#### Directions:
All lines from the one containing "Mens Active Athletic" through the final line of the records below should be reproduced exactly, with the pictures left out.

(Pictures with short captions)

-*-*-

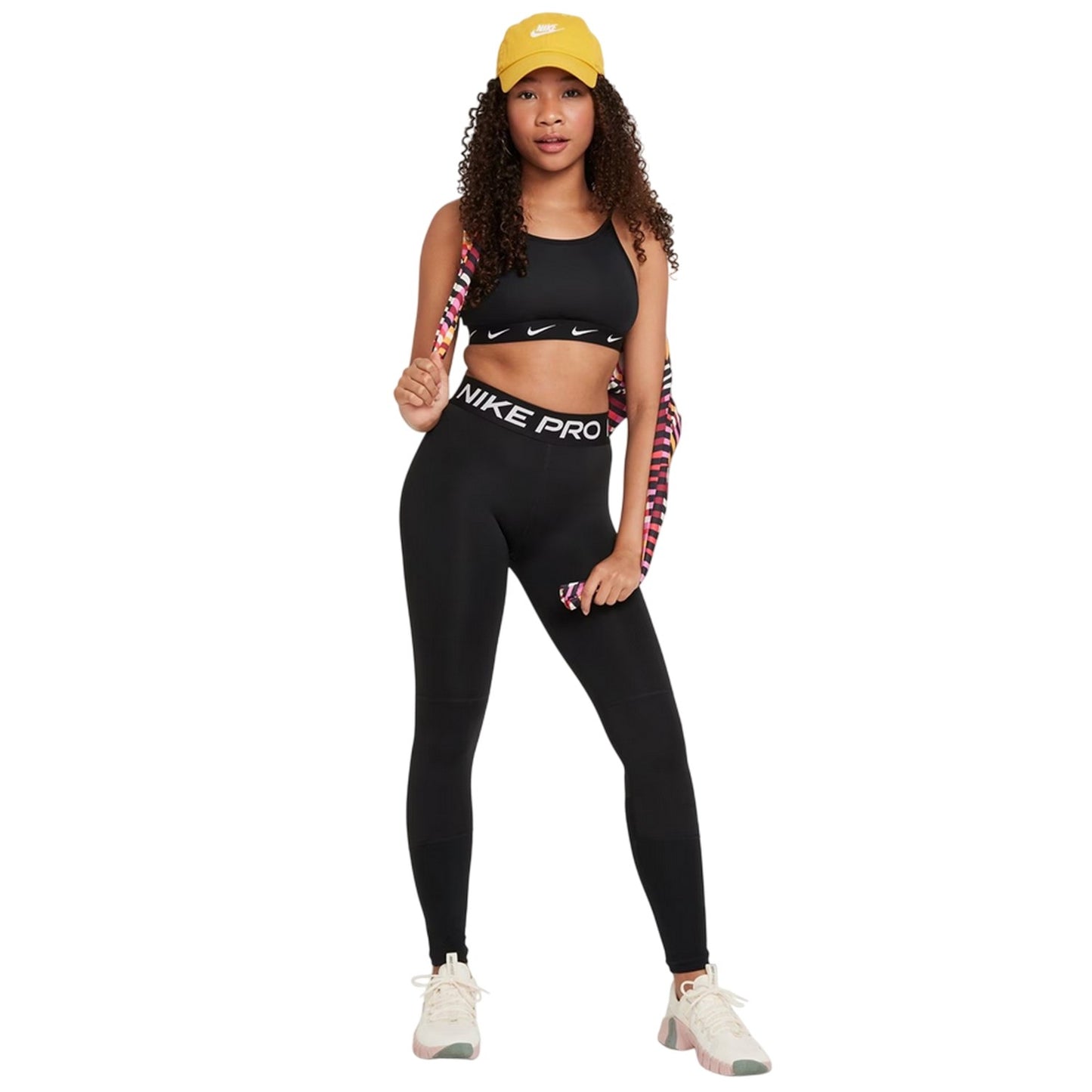 Black-White - Pack Shot - Nike Girls Pro Tights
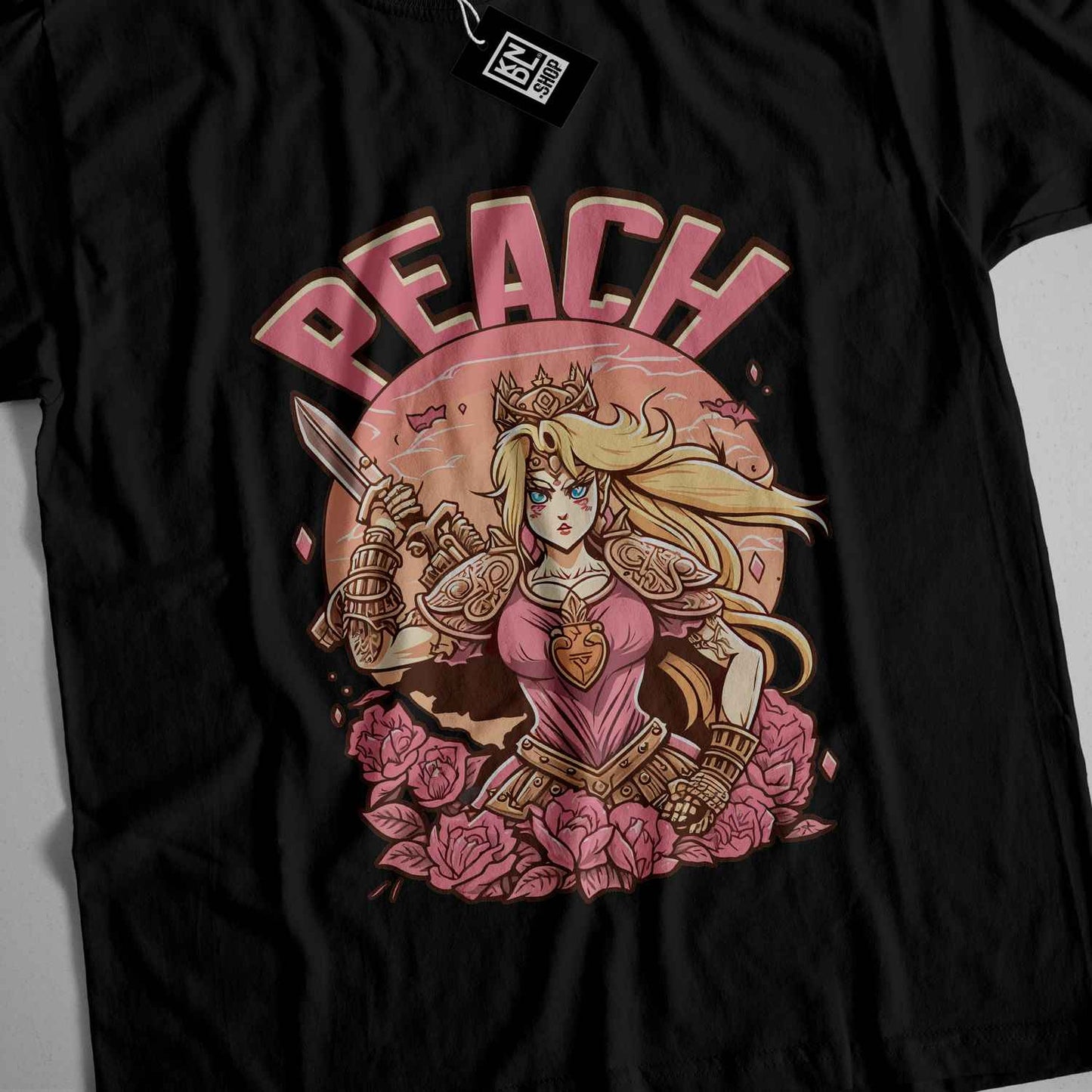 a t - shirt with a woman holding a sword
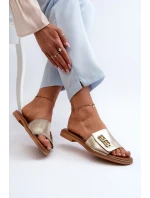 Zazoo Elegantné dámske kožené papuče zlaté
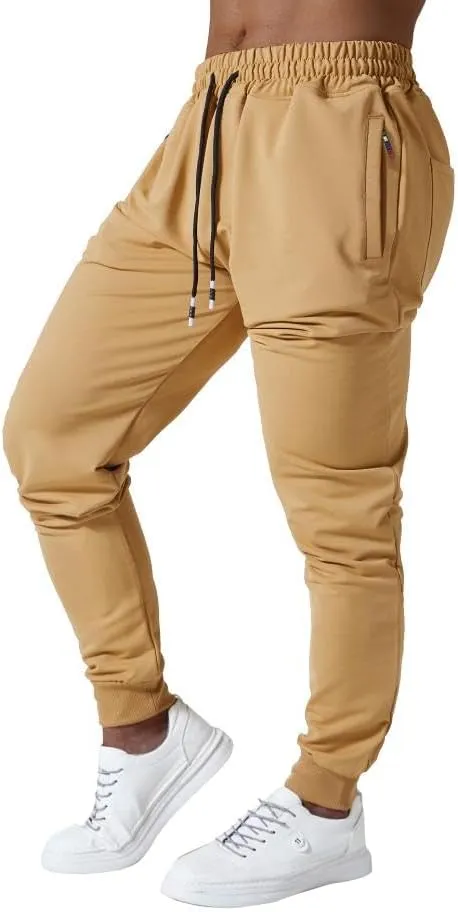 Mens Active Athletic Workout Jogger Sweatpants for Men with Zipper Pocket and Drawstring Size S-2XL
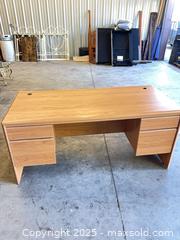 MaxSold Auction: Double Pedestal Executive Desk with Oak-Look Laminate - Garden City (Georgia, USA) SELLER MANAGED Downsizing Online Auction - Bryce Industrial Drive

-*-*-

#### Response area:
 Mens Active Athletic Workout Jogger Sweatpants for Men with Zipper Pocket and Drawstring Size S-2XL
 MaxSold Auction: Double Pedestal Executive Desk with Oak-Look Laminate - Garden City (Georgia, USA) SELLER MANAGED Downsizing Online Auction - Bryce Industrial Drive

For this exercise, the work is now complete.